I opened the front door to the house to meet Mike on the outdoor sectional on our front porch. The rest of the band were innocently running around the yard. My dad sat to my left, and Mike to my right. “So, tell me what’s going on,” Mike said. I took a deep breath and began to answer when my dad jumped in, “She won’t say anything! She knows it will ruin -.” Mike cut him off and let me speak. I told him I was kind of dating this girl, Lizzie and I really liked her and I liked girls but I didn’t want it to affect the band. Mike smiled and it eased all the tension I had. “So what!” He said, “That’s cool. Since your audience is a bit young, maybe you can keep it to yourself for now, but I’m totally cool with it.” He told my dad to relax and that it wasn’t a big deal at all. I felt a sigh of relief. I ran inside to call Lizzie and tell her the good news. She was thrilled to hear that I had bravely come out to my band and everyone was supportive. While I was inside, everyone left my house. After I hung up my phone call, I heard a knock at my bedroom door. It was my dad who apologized for being worried and letting his fear take over my happiness. He was overjoyed that Mike accepted it and that everything was going to be okay. Carly and my dad gave me a big hug when my ten-year-old sister, Cori walked out of her room, “What’s going on?” She said interrupting the hug. I looked at her and said, “I’m dating Lizzie.” I wasn’t quite worried about her response since I had the whole family and now my band backing me up, but Cori shouted, “How come I’m the last to know?!” And joined in on the hug. We all laughed and I cried happy tears.

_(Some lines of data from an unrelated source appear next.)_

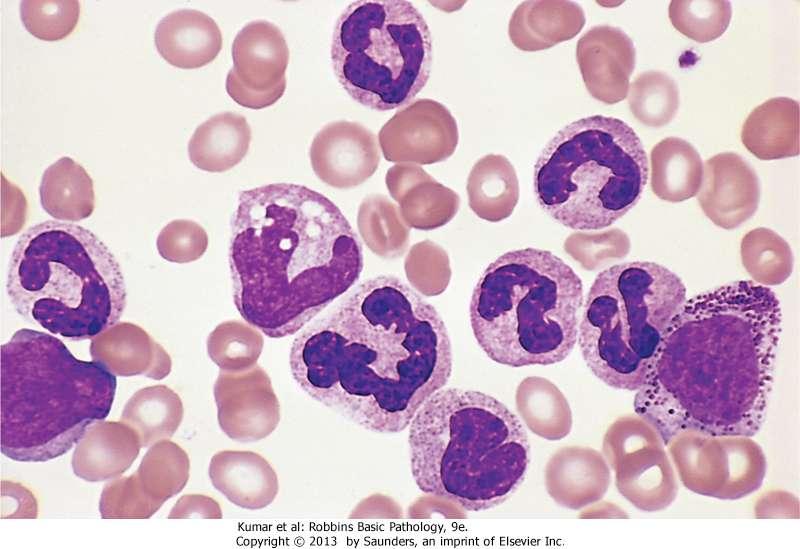Chronic myeloid leukemia, peripheral blood smear: Granulocytic forms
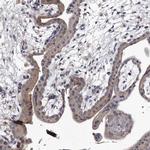 GAPVD1 Antibody in Immunohistochemistry (IHC)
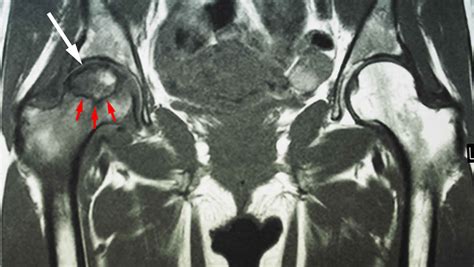 Osteonecrosis hip causes, stages, symptoms, diagnosis, treatment ...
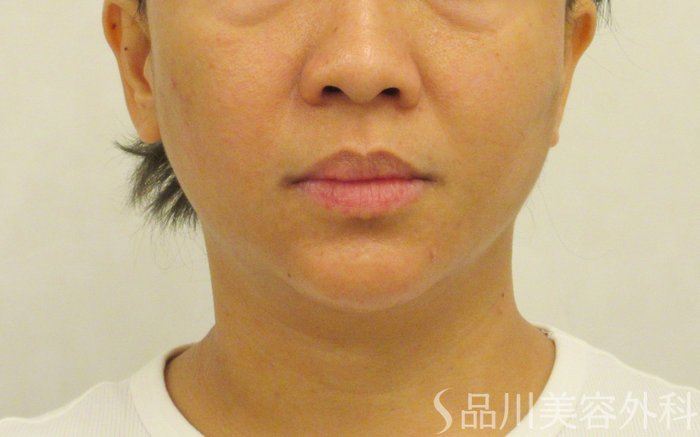 症例NO.72460のAFTER写真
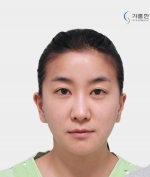 GYALUMHAN Plastic Surgery,Reviews,Images, Promotions — Korea cost, reviews & before-after | MISOODA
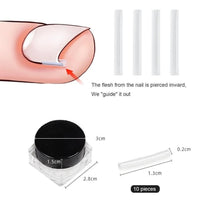Load image into Gallery viewer, 10pcs Ingrown Toenail Correction Patch Sticker - Ammpoure Wellbeing 🇬🇧
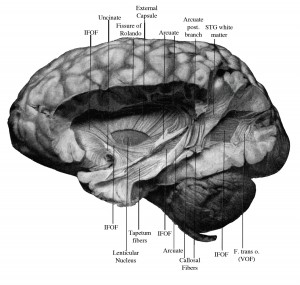 A camera lucida drawing made by E.J Curran depicts a postmortem dissection of the vertical occipital fasciculus. Curran described the VOF as “striking in its appearance, size, and complete isolation from the longitudinal fibers under it.” Image credit: Jason Yeatman (click image to enlarge)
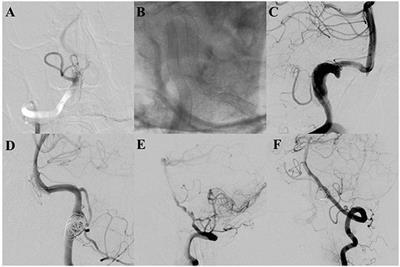 Exploring the Feasibility of Pipeline Embolization Device Compared With Stent-Assisted Coiling to Treat Non-saccular, Unruptured, Intradural Vertebral Artery Aneurysms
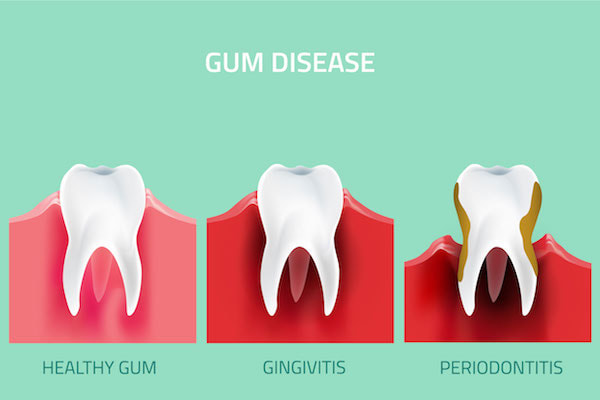 Gingivitis, periodontal disease, health teeth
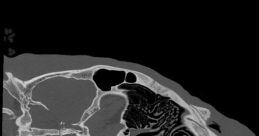 Lion Scan The first that fills the air is a low, rumbling growl that sends shivers down your spine. It is filled with power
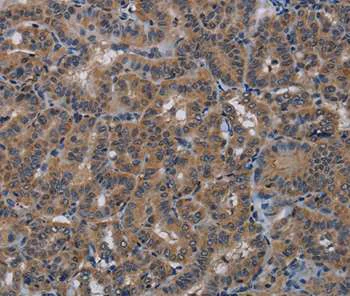 Immunohistochemistry (Formalin/PFA-fixed paraffin-embedded sections) - Anti-PDE4A antibody (AB200383)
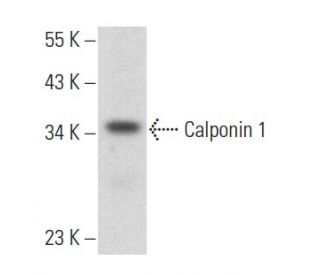 Anti-Calponin 1 Antibody (CALP) | SCBT - Santa Cruz Biotechnology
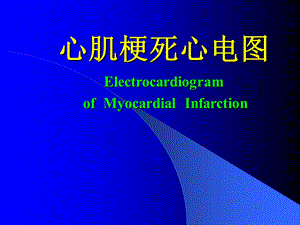 心肌梗死心电图.ppt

For the next couple of years in the band, I kept my identity a secret for the most part. My close friends and family all knew and grew to love Lizzie. My fans knew who she was but not that she was my girlfriend. I remember us all laughing about a Tumblr post made by a fan who was calling out Lizzie for being “obsessed with Carly and Caitlin from Kicking Daisies.” Little did that person know that she was my girlfriend and that’s why she was always at my house or at my shows. In retrospect, keeping things a secret didn’t really bother me since my family and friends were so great. I do not judge or feel hurt by my dad’s concerns back then, or Mike telling me to keep it to myself because, at that time, that’s how it was. I was just excited that I was able to be myself around them. In fact, all of the songs I wrote during Kicking Daisies were about girls. It was easy to do so because Duran sang them, which automatically made it seem like they were coming from his point of view about a girl. My life was my life, and that part of me didn’t really feel like it needed to be a part of “Caitlin from Kicking Daisies.” The only thing I wish I could have done was to make a path for my fans to learn how to love and accept themselves for who they are. I wish it wasn’t so strange to be gay and that I could have been a role model back then for kids like me.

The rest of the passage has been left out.